··· Information provided ···

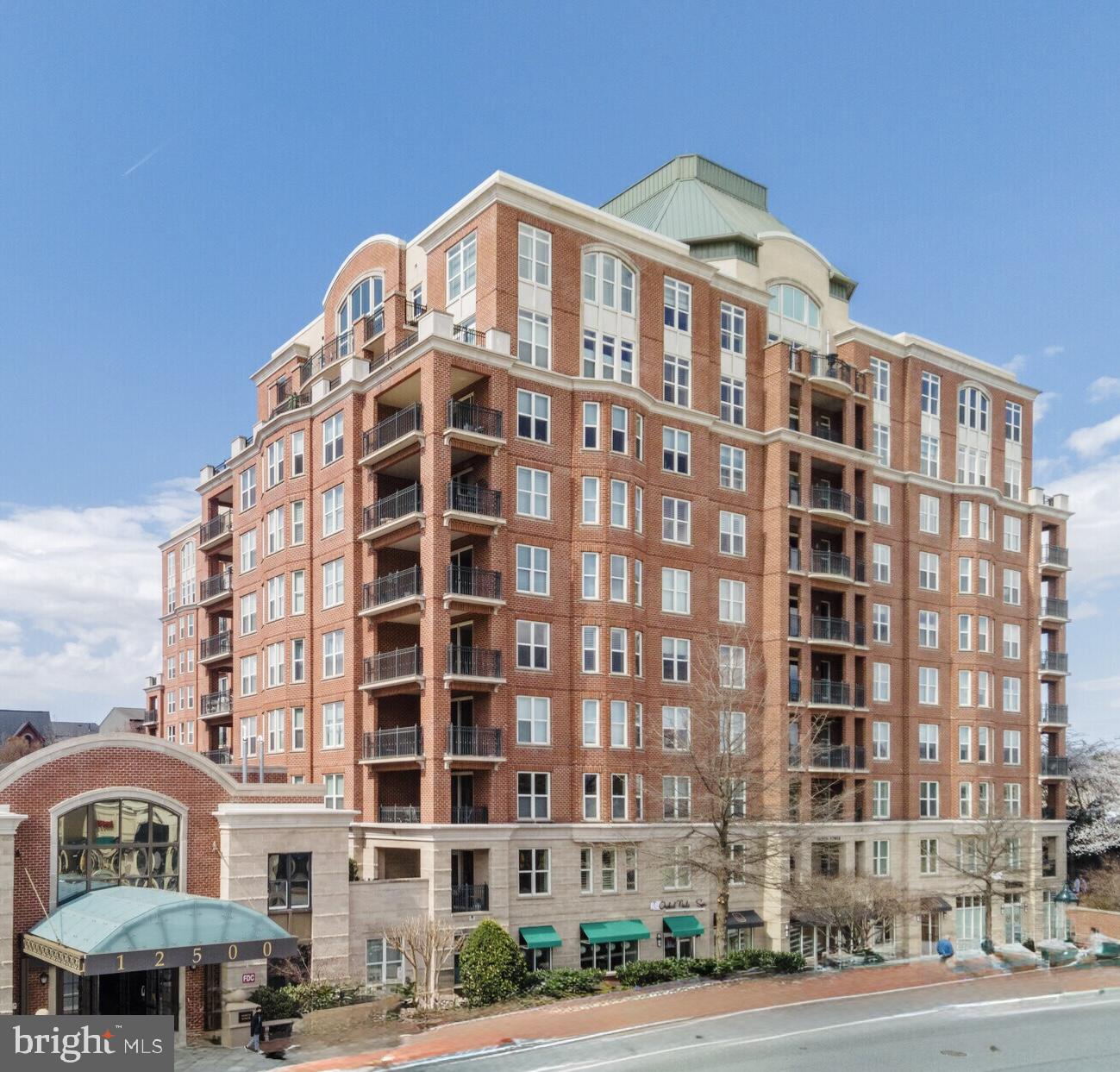 PARK POTOMAC - Residential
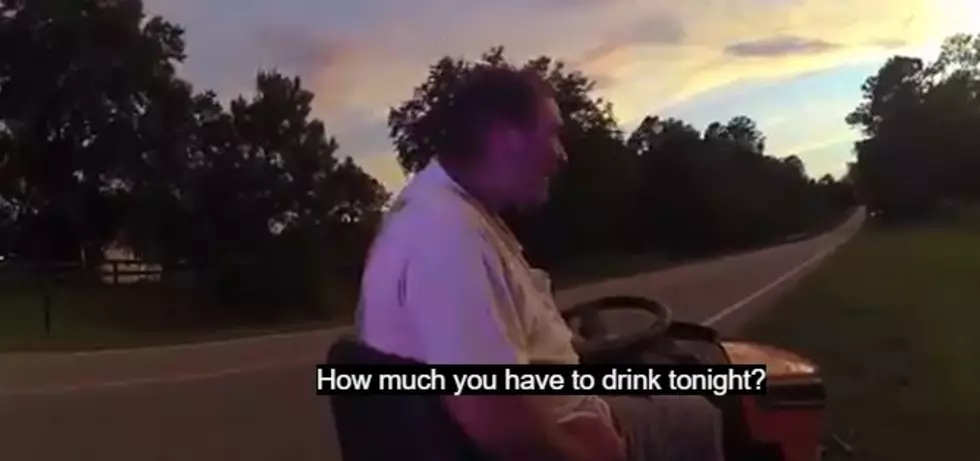 &#x1f3a7;Guy Busted For DUI While Riding Lawnmower &#8211; Video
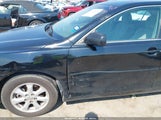Toyota Camry Le 4T1BE46K59U823048 снимка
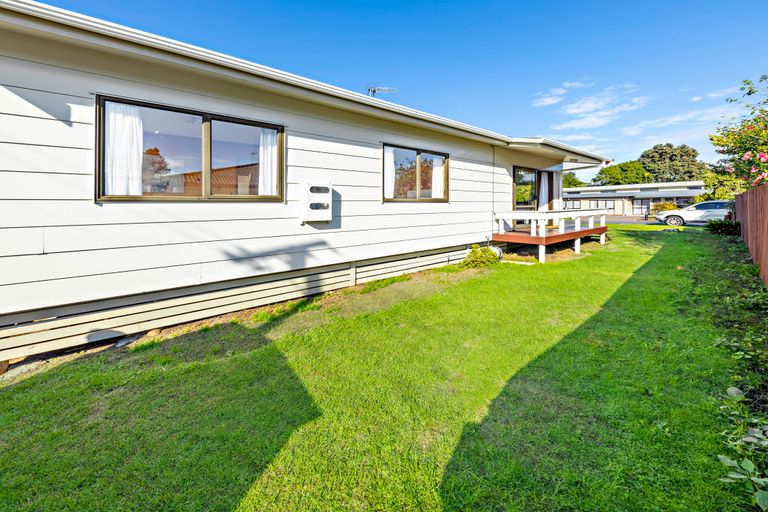 Photo of property in 3a Clare Place, Mount Wellington, Auckland, 1060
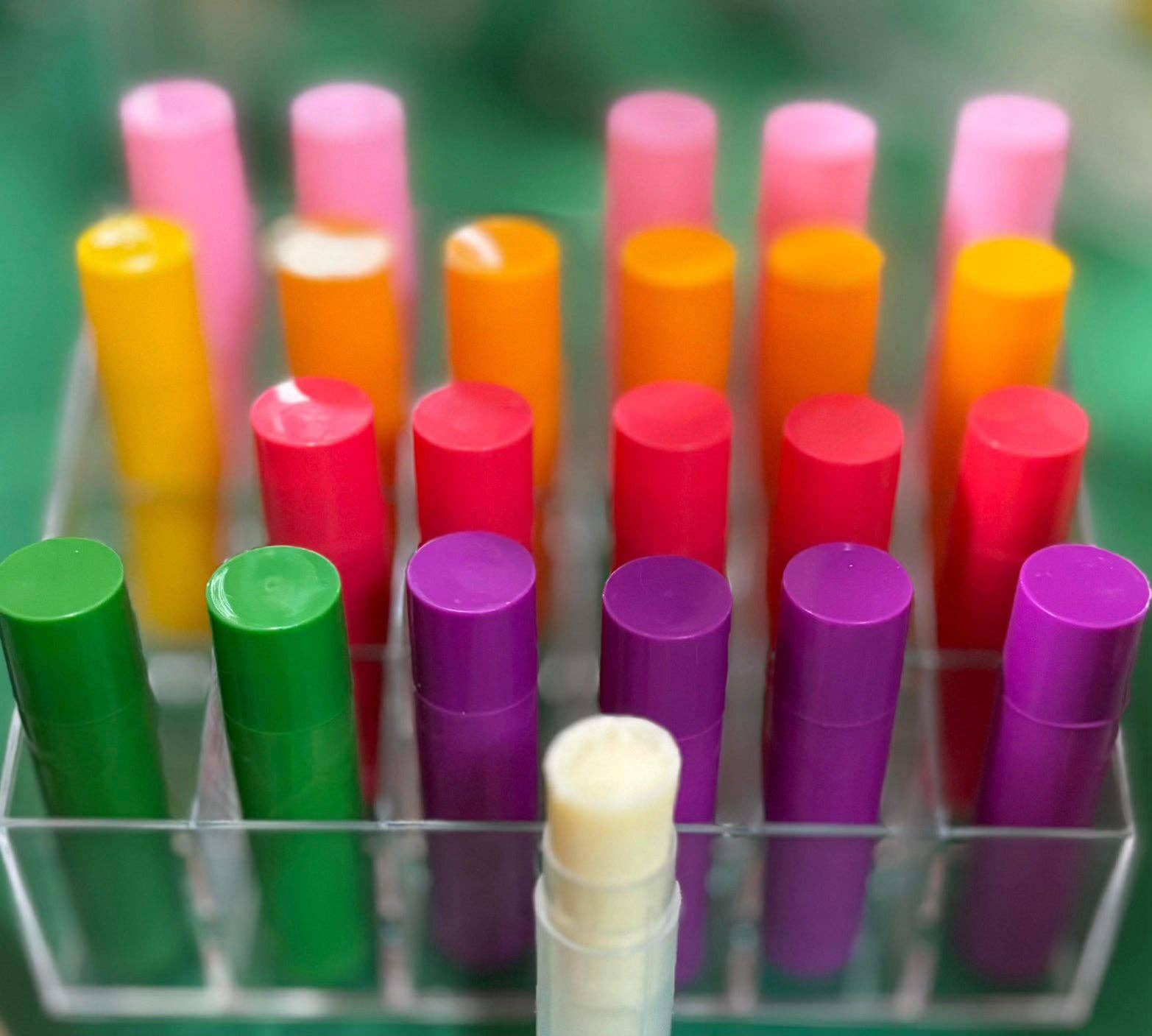 Giani’s Natural & Organic - Wholesale Lip Balm - Lip Balm Butter - NO LABEL 0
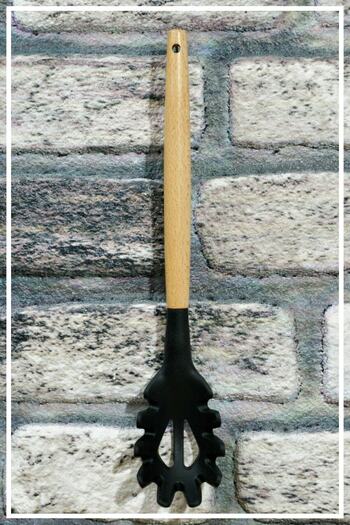 HAZARPAZAR Bamboo Handle Silicone Spaghetti & Salad Spoon Black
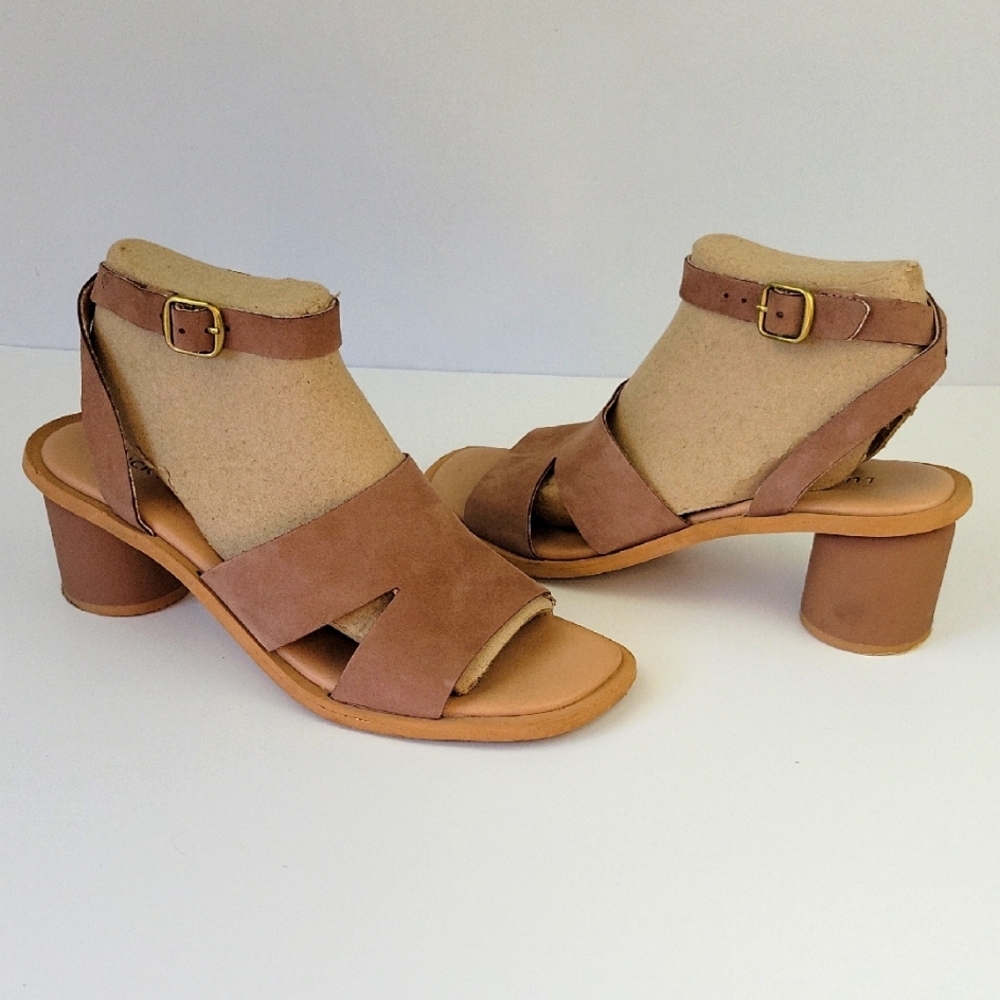 Lucky Brand Pemal Leather Sandals Taupe Size 8.5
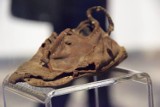 Skarby znalezione po pożarze gorzowskiej katerdy na wystawie w Głogowskim Muzeum Archeologiczno-Historycznym  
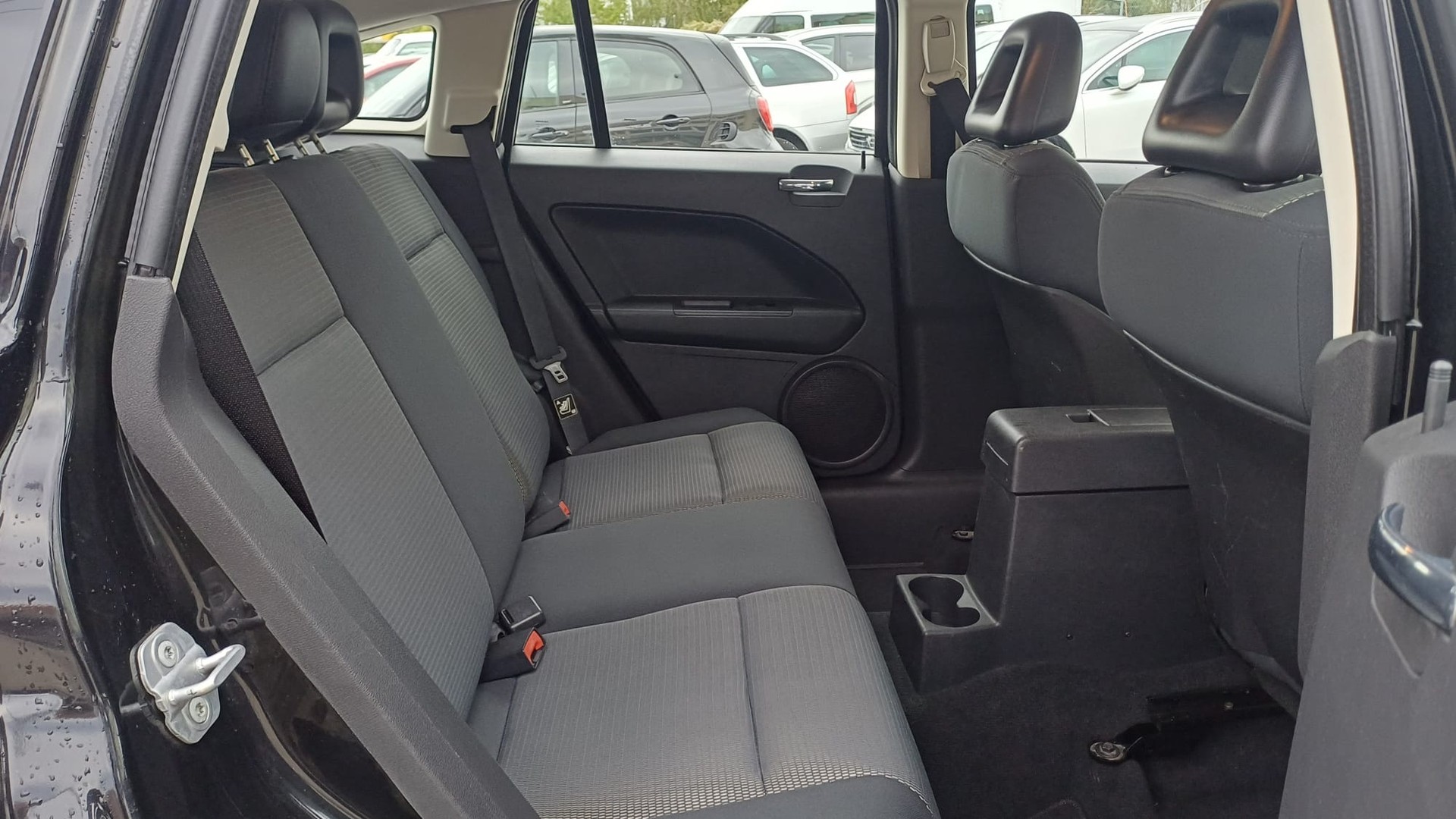 DODGE Caliber 2.0 CRD SXT-image-13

···

## The problem
Transcribe the records above exactly, excluding every picture.

## Answer section
 PARK POTOMAC - Residential
 &#x1f3a7;Guy Busted For DUI While Riding Lawnmower &#8211; Video
Toyota Camry Le 4T1BE46K59U823048 снимка
 Photo of property in 3a Clare Place, Mount Wellington, Auckland, 1060
 Giani’s Natural & Organic - Wholesale Lip Balm - Lip Balm Butter - NO LABEL 0
 HAZARPAZAR Bamboo Handle Silicone Spaghetti & Salad Spoon Black
 Lucky Brand Pemal Leather Sandals Taupe Size 8.5
 Skarby znalezione po pożarze gorzowskiej katerdy na wystawie w Głogowskim Muzeum Archeologiczno-Historycznym  
 DODGE Caliber 2.0 CRD SXT-image-13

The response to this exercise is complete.